The outcome of the Siti Fatimah case, while a well earned victory for the applicant, Tan Ean Huang, raises more questions than it answers. Notwithstanding the constitutional issues pertaining to the jurisdiction and scope of Malaysia’s syariah framework vis-à-vis the Malaysian civil courts on the issue of apostasy, the Siti Fatimah decision as reported in the local mainstream media does provide Malaysians with the necessary clarity needed on such sensitive matters.
It may be noted that constructive discourse on the matter cannot be made just yet, as the decision of the learned Syariah Judge has yet to be published. However, as a commentary of the tone of the various reports in the local mainstream media (in particular, The Star and Bernama) the following issues, amongst other things, appear to have arisen:-
(i) that the MAIPP intend to appeal on grounds that her marriage would not have been annulled by her renunciation of her faith; and
(ii) that MAIPP appear to have been negligent in its role of “guiding” her back into the religion;
The MAIPP’s statement on the annulment is unnecessarily belligerent and obnoxious. While Courts and the religious authorities take the view that a civil marriage is at end when a conversion into Islam by either spouse occurs, it would appear to be repugnant that it is not the same if a renunciation were to happen as it has in this case. Why the double standards? Clearly all Malaysian citizens are equal in the eyes of the law.
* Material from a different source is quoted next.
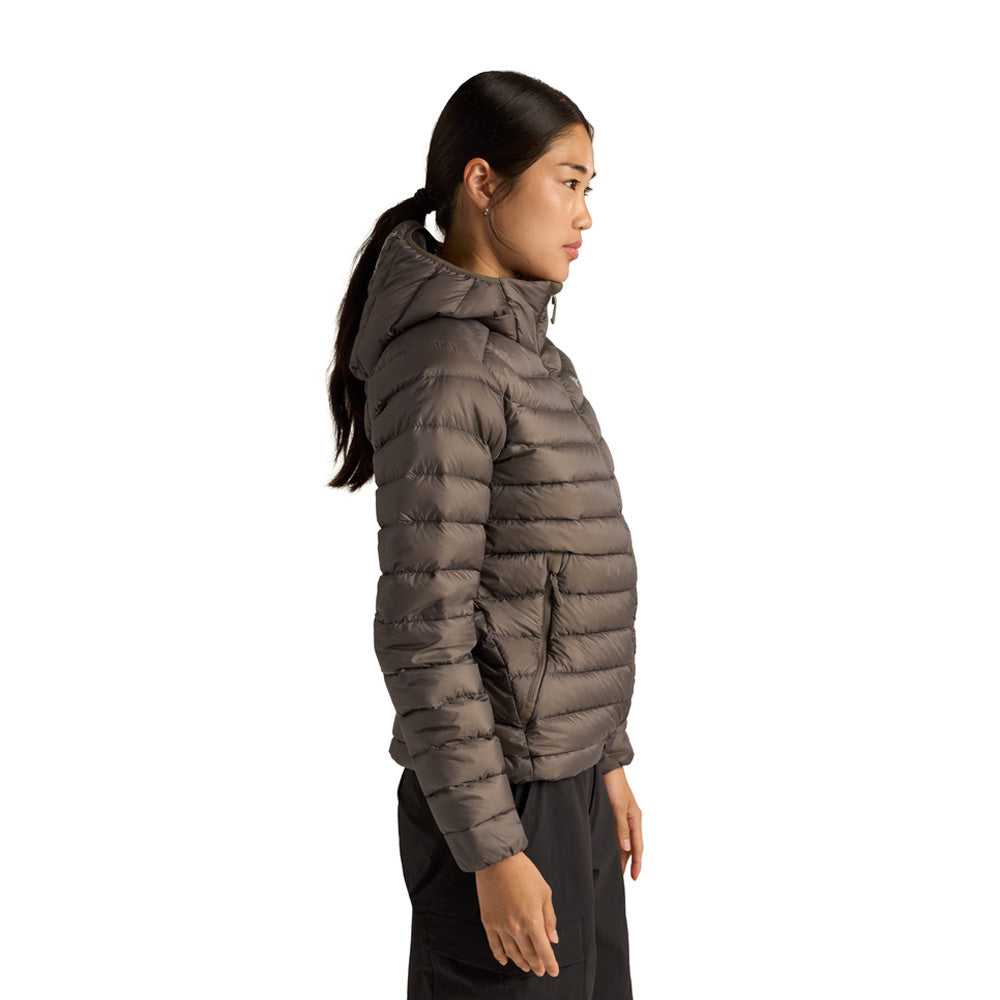 Arc'teryx W's Cerium Hooded Jacket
What was it that MAIPP was required to do to ensure that Tan Ean Huang did not fall by the way side? There have been concerns and misgivings that an application to renounce one’s faith in Islam within the Syariah framework in Malaysia would lead to persecution and human rights abuses arising from the manner in which religious authorities conduct and discharge its obligations when “guiding” an applicant back to the faith after such an application is made.
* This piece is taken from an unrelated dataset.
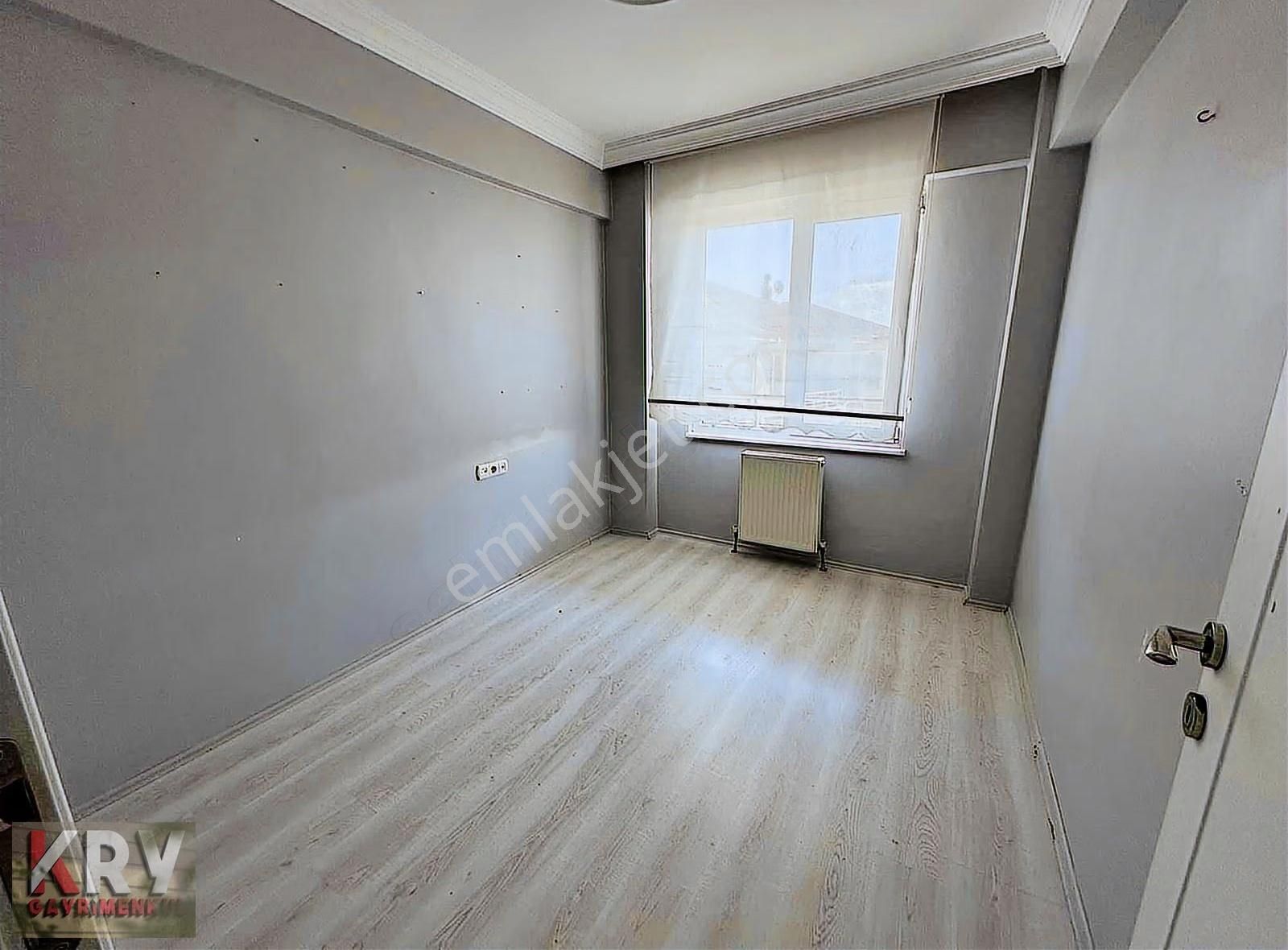 Yenigün Mahallesinde Bakımlı 3+1 - Görsel 8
We have only to look to the outcome of the Revathy case and the atrocious manner in which the accused and her child were treated to know that something is not right with the present system of handling apostasy cases. The Malaysian Courts, both syariah and civil, and the relevant authorities have to bear in mind that the Syariah framework, is a creature of statute, i.e. the Federal Constitution and not a separate “constitution” of Malaysia.
While freedom of religion is a reality in Malaysia, under the Federal Constitution, it must be clearly affirmed that Malaysia is a secular state and as it so, all Malaysians must be guaranteed their freedoms to enter and leave their respective religions by their own will and conviction, despite the affront that it may cause to another’s belief. It is paternalism, a misconceived notion of public order and this ever growing need for certainty that will diminish one’s faith, to which all Malaysians of any faith will ask, “whatever happened to faith in God?”